**Work request:** The listing that follows must be retyped exactly, without its pictures.

**Provided data:**
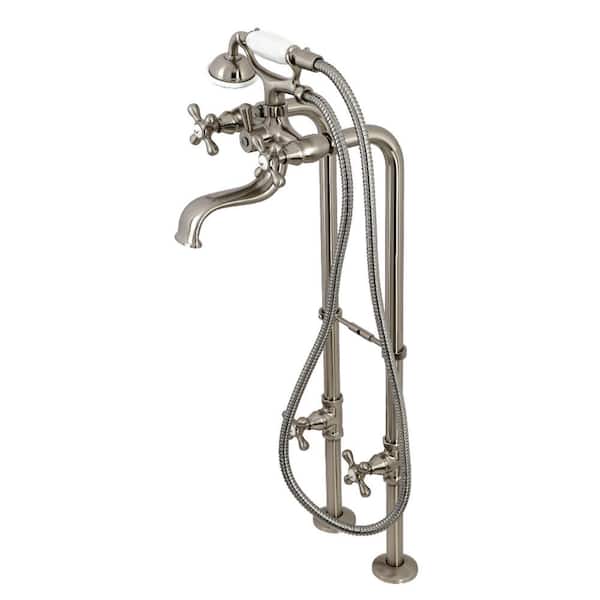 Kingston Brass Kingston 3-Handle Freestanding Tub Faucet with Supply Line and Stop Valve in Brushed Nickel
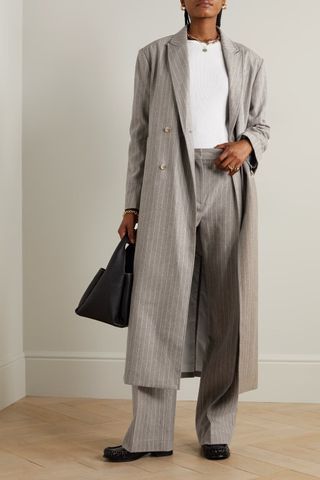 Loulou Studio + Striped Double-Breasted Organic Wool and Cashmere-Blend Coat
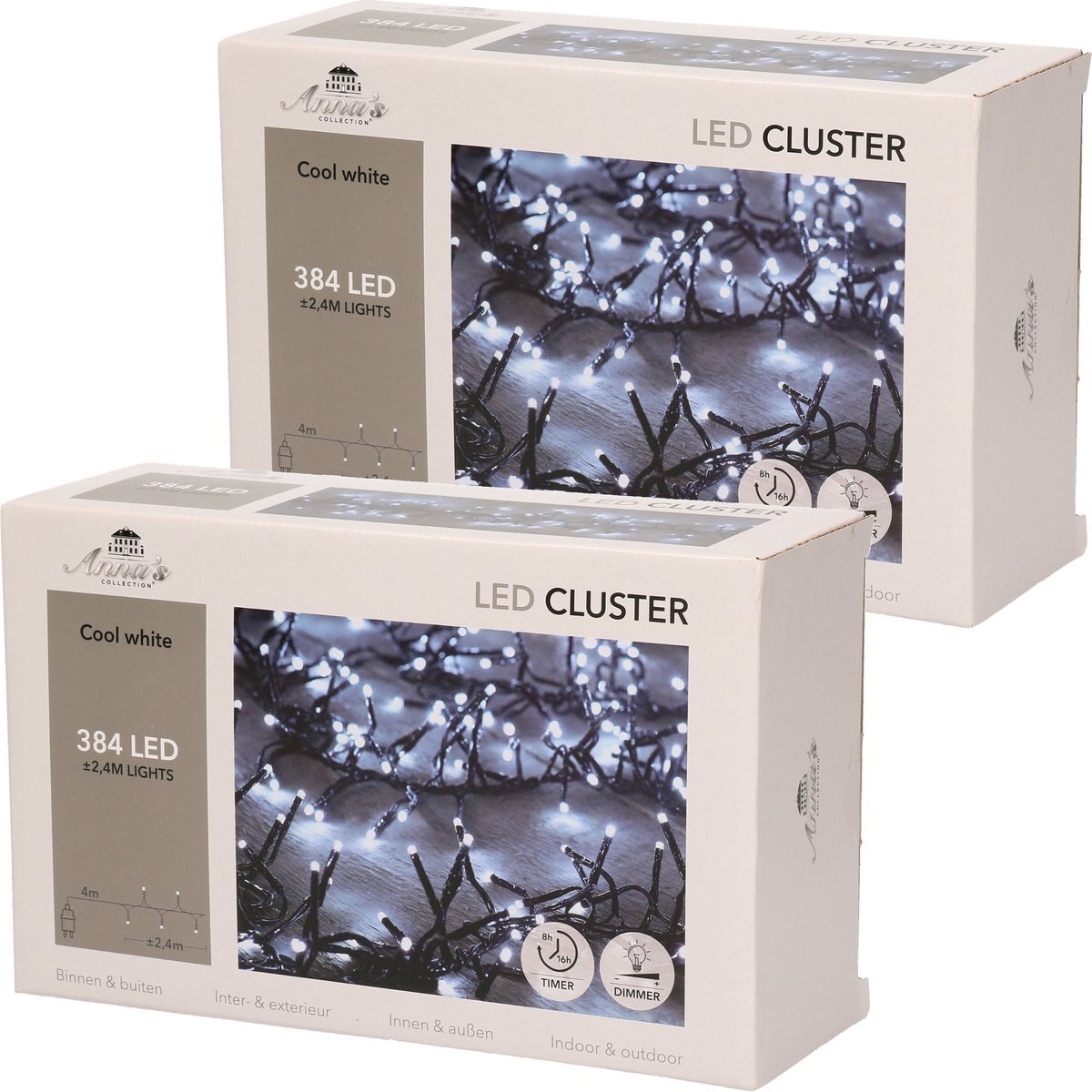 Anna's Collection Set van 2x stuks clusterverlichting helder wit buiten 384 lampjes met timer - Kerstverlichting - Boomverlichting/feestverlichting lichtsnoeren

**Result of this task:**
 Kingston Brass Kingston 3-Handle Freestanding Tub Faucet with Supply Line and Stop Valve in Brushed Nickel
 Loulou Studio + Striped Double-Breasted Organic Wool and Cashmere-Blend Coat
 Anna's Collection Set van 2x stuks clusterverlichting helder wit buiten 384 lampjes met timer - Kerstverlichting - Boomverlichting/feestverlichting lichtsnoeren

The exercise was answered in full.